Unicode Discussion wrote:
> It's not a low priority for Japanese programmers.
I'm glad someone pointed this out. Although C (and Java) keywords are in
English (this is debatable (^_^)), a programmer of any native language
can memorize a handful of reserved words, etc.. Just because you're a
programmer doesn't mean you can read/write English.
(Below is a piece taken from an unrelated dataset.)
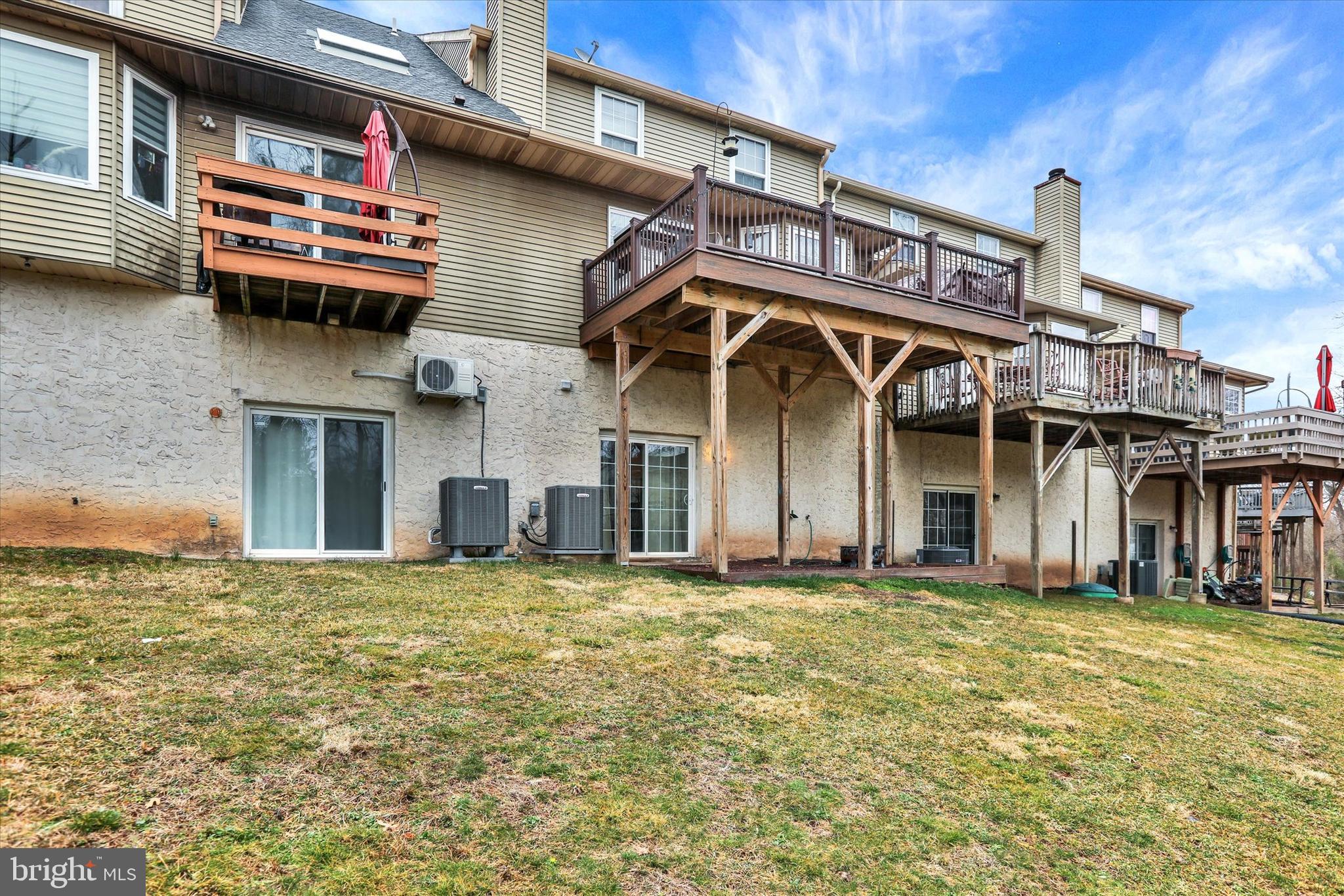 100 ACRE WOODS - Residential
I can attest that every programmer I've met in Japan usually has a
English to Japanese dictionary by their terminal (or online in a
window), so they can understand source code with variable names like
"asynchronous".
A quick glance at Dr. Jobbs, Javaworld, C Programmer, (the Japanese
versions of the mags) shows that articles and source code are being
written all the time to take advantage of the fact that "native language
source has arrived."
> With the new Japanese JDK, Japanese programmers can write their source
> code in Shift-JIS, using the real Japanese names for things, and the
> compiler will convert the identifiers into UTF-8 in the class files.
> Very convenient.
Still has a long way to go, though. Even in "improved
internationalization" JDK 1.1.2, package names and class names must
still be 8-bit-- the compiler (Sun's Solaris version, at least) lops off
the top 8 bits of every Unicode character before writing the class to
disk. If you localize JDK 1.1.1 to Japanese, it gets worse. The Unicode
class name is converted to EUC-JP (in the case of Solaris). However, all
characters it can't convert in a class/package name get mapped to the
"question" mark, creating a many-to-one mapping.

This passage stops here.